Keberuntungan juga berpihak pada Veda Ega Pratama di momen krusial. Sebuah insiden yang melibatkan jatuhnya pembalap dari Rivacold Snipers Team, Jesus Rios, di lintasan, memberikan keuntungan tak terduga bagi Veda. Kemelut yang terjadi akibat insiden tersebut membuka peluang bagi Veda untuk memperbaiki posisinya. Dengan sigap dan tanpa ragu, Veda memanfaatkan situasi ini untuk menyalip beberapa pembalap di depannya. Manuver yang tenang namun tegas memungkinkannya untuk akhirnya mengamankan posisi kedelapan di garis finis. Hasil ini tentu saja sangat membanggakan, tidak hanya bagi Veda sendiri tetapi juga bagi tim dan seluruh pendukungnya. Finis di posisi kedelapan berarti Veda berhasil mendapatkan tambahan 8 poin berharga dalam klasemen sementara Moto3 2026.

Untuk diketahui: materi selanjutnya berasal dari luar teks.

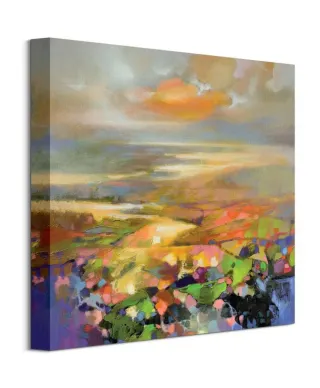 Highland Terrain - obraz na płótnie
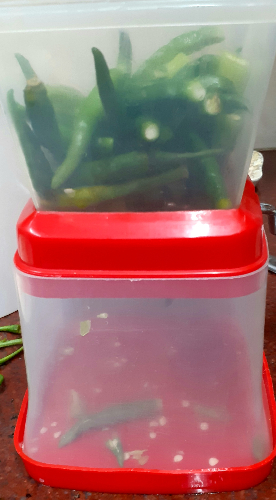 Mirchi ka thecha (maharashtrian green chilies  chutney )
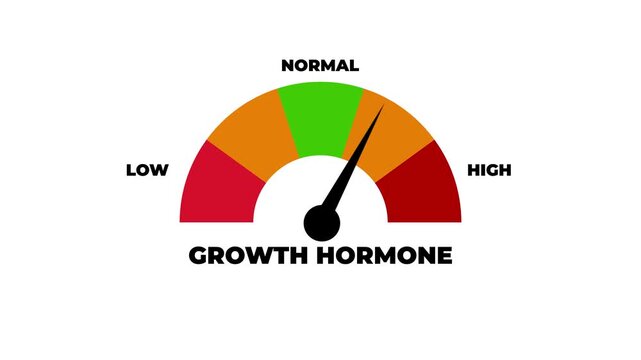 Animated growth hormone level meter increasing from normal to high level, ideal for concepts related to high growth hormone, hormone imbalance, acromegaly or gigantism.4k motion graphics video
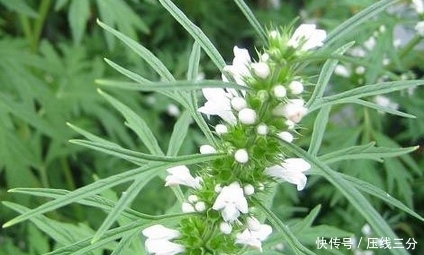  干净|十个人九个炎症，常用此物泡水，活血调经，子宫越来越干净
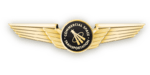 US - FAA Astronaut Wings version 2.png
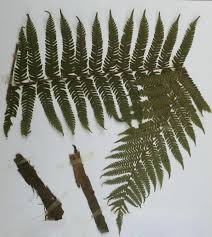Image result for Cyathea manniana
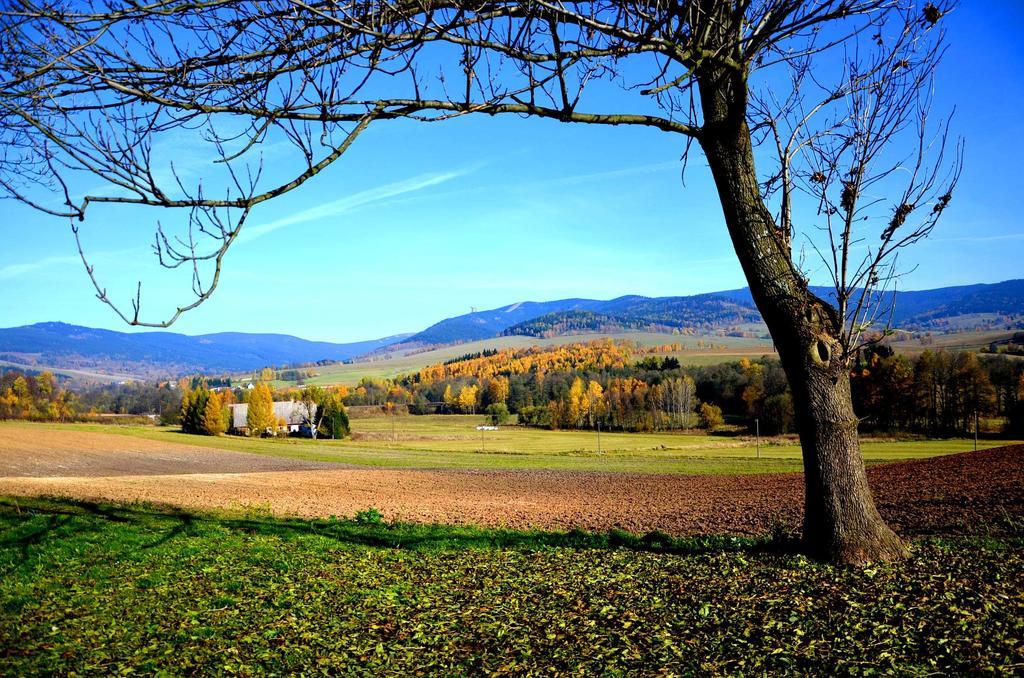 Penzion Na Cervenem Potoce Kraliky Luaran gambar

Setelah melewati perjuangan yang luar biasa di lintasan, Veda Ega Pratama mengungkapkan rasa syukurnya melalui akun media sosialnya. "Posisi ke-8 di CatalanGP. Akhir pekan yang berat, tapi saya senang kami berhasil finis di 10 besar. Terima kasih tim!!! Sampai jumpa di Mugello," tulis Veda di akun Instagramnya. Ungkapan ini mencerminkan betapa pentingnya hasil ini baginya dan betapa ia menghargai kerja sama tim yang telah membantunya mencapai performa terbaik. Kata-kata "akhir pekan yang berat" menggambarkan seluruh tantangan yang harus ia hadapi, mulai dari kualifikasi yang sulit hingga dinamika balapan yang penuh ketegangan. Namun, pernyataan "senang kami berhasil finis di 10 besar" menunjukkan optimisme dan rasa bangga atas pencapaiannya. Ucapan terima kasih kepada tim adalah bukti bahwa keberhasilan ini adalah hasil kerja kolektif. Veda juga sudah menatap seri selanjutnya dengan semangat baru, siap untuk kembali berjuang di Mugello.

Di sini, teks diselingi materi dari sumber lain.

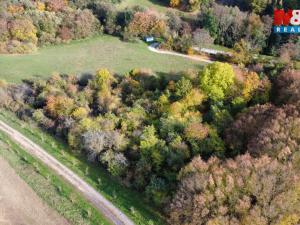 Prodej pole, Milešov, 4731 m2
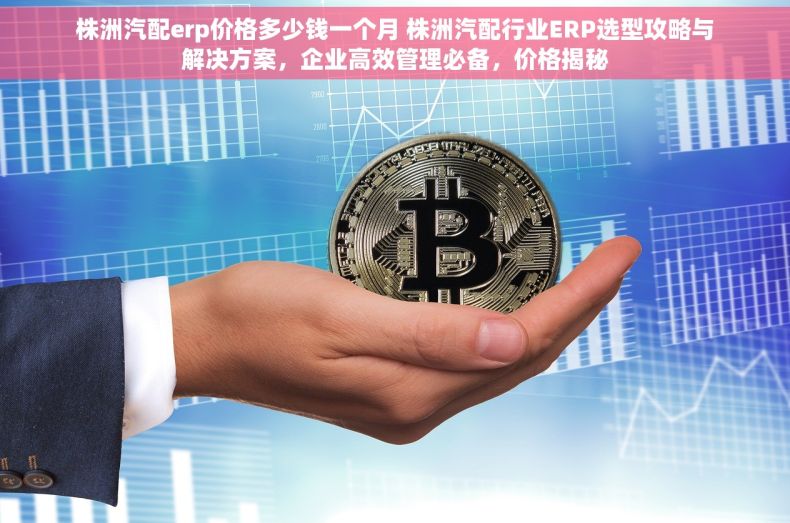株洲汽配erp价格多少钱一个月 株洲汽配行业ERP选型攻略与解决方案，企业高效管理必备，价格揭秘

Pencapaian Veda Ega Pratama di Catalunya GP tidak hanya memberikan kepuasan pribadi, tetapi juga berdampak signifikan pada posisinya di klasemen sementara Moto3 2026. Dengan tambahan 8 poin dari balapan ini, total poin yang dikumpulkan Veda kini mencapai 58 poin. Angka ini menempatkannya dengan kokoh di posisi kelima klasemen sementara. Yang lebih membanggakan lagi, Veda Ega Pratama masih memegang predikat sebagai rookie dengan perolehan poin terbanyak di klasemen sementara Moto3 2026. Ini adalah pencapaian luar biasa bagi seorang pembalap yang baru pertama kali berkompetisi di level ini. Performa konsistennya, ditambah dengan keberanian untuk bertarung dari posisi belakang, menunjukkan bahwa Veda memiliki potensi besar untuk menjadi salah satu bintang di masa depan balap motor dunia.

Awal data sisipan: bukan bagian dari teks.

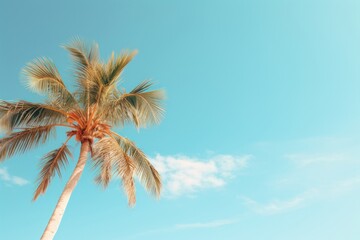 Palm tree under blue sky during daytime outdoors nature summer.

Klasemen Moto3 2026 usai Seri Catalunya menunjukkan persaingan yang ketat di papan atas. Veda Ega Pratama, dengan 58 poin, berada di belakang beberapa pembalap yang lebih berpengalaman. Namun, posisinya di urutan kelima, dan statusnya sebagai rookie dengan poin terbanyak, memberikan sinyal kuat bahwa ia adalah ancaman serius bagi para pembalap di depannya. Jarak poin yang ada masih sangat mungkin untuk dikejar, terutama jika Veda mampu mempertahankan performa gemilangnya di seri-seri berikutnya. Perjuangan Veda dari posisi ke-20 hingga finis kedelapan di Catalunya GP adalah sebuah inspirasi. Ia menunjukkan bahwa dengan kerja keras, mentalitas yang kuat, dan dukungan tim yang solid, segala rintangan dapat diatasi. Para penggemar balap motor kini menantikan penampilan Veda selanjutnya di Sirkuit Mugello, berharap ia dapat kembali mencatatkan prestasi membanggakan dan terus meramaikan persaingan di Moto3 2026. Perjalanan Veda Ega Pratama masih panjang, namun jejak yang ia tinggalkan di Catalunya GP telah membuktikan bahwa ia adalah talenta yang patut diperhitungkan di kancah internasional.